Natural gas futures linked to Dutch TTF Gas Futures, Europe’s wholesale gas price, was trading around €300 per megawatt hour, amid persistent supply fears. Russia’s Gazprom said it would cut flows through the Nord Stream pipeline to Germany for three days of maintenance at the end of August, exacerbating concerns about supplies and raising the risk of a recession if Russia’s natural gas squeeze widens.
EURO BELOW PARITY
The euro remained below $1 parity in the fourth week of August, its lowest level since late 2002, as recession fears in Europe re-emerged as a result of the deepening energy crisis in the region.
The US Dollar Index eased to around 108.3 on Thursday, pulling back from near 20-year highs, as traders avoided making big bets ahead of Jerome Powell’s speech at the Jackson Hole symposium. Investors are also assessing whether the Fed will move ahead with its aggressive plan to manage inflation, as recent weakness in US economic data complicated the picture. Markets are now pricing in a 60% chance of a 75 basis point rate hike in September.

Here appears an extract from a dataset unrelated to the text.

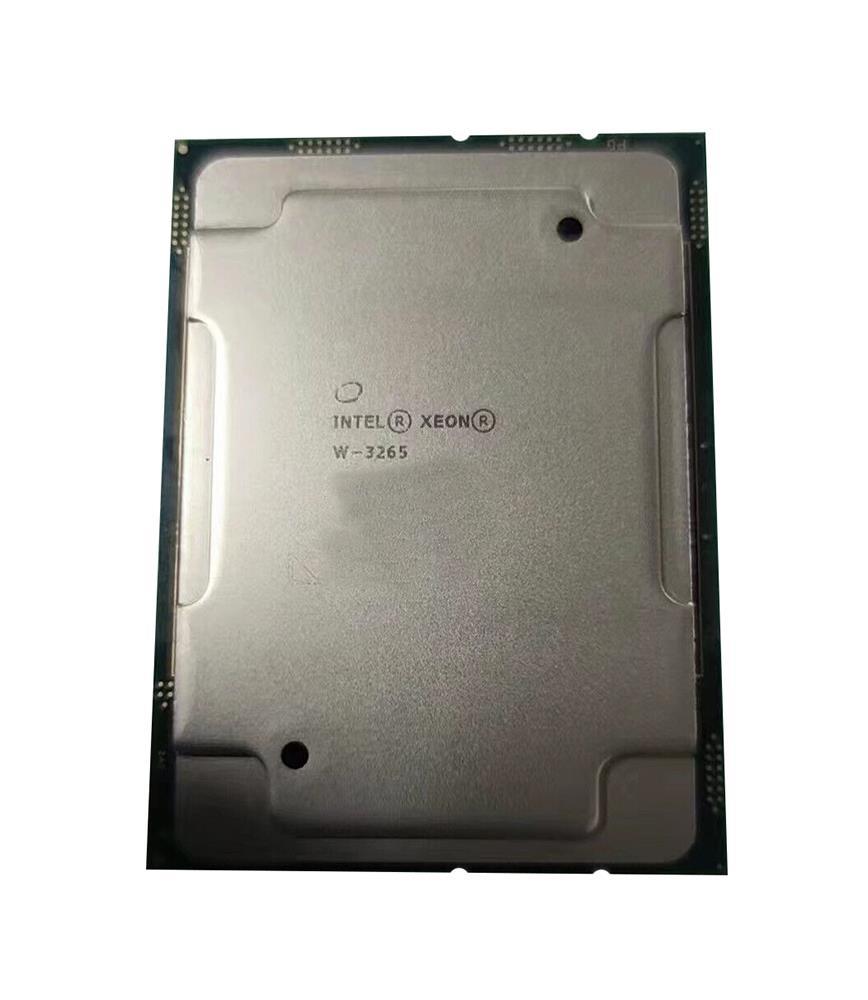 SRFFE Intel Xeon W-3265 24-Core 2.70GHz 33MB L3 Cache Socket FCLGA3647 Processor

The pound weakened past $1.18, hitting its lowest level since March 2020, as the outlook of soaring inflation threatened to hurt the pound’s purchasing power and further damage the British economy. Citi Bank economists forecasted inflation will surge to 18.6% by the start of 2023 due to soaring wholesale gas prices, supported by expectations that the country’s retail energy price cap could reach £5,816 by April, compared to £1,971 currently.
The offshore yuan weakened to around ¥6.88 against the greenback, languishing at its lowest levels in two years, weighed down by China’s struggling economy and divergent monetary policy. China’s economy remains under pressure from its zero-COVID strategy, property-sector woes, and power shortages in manufacturing hubs, as well as weakening external demand that threatens the country’s export-heavy industries. This contrasted sharply with other major central banks which are set to raise interest rates further to combat high inflation, raising the risk of accelerated capital outflows in China and further yuan depreciation.
The pound started the day trading at 1.1807/$ and 1.1820/€.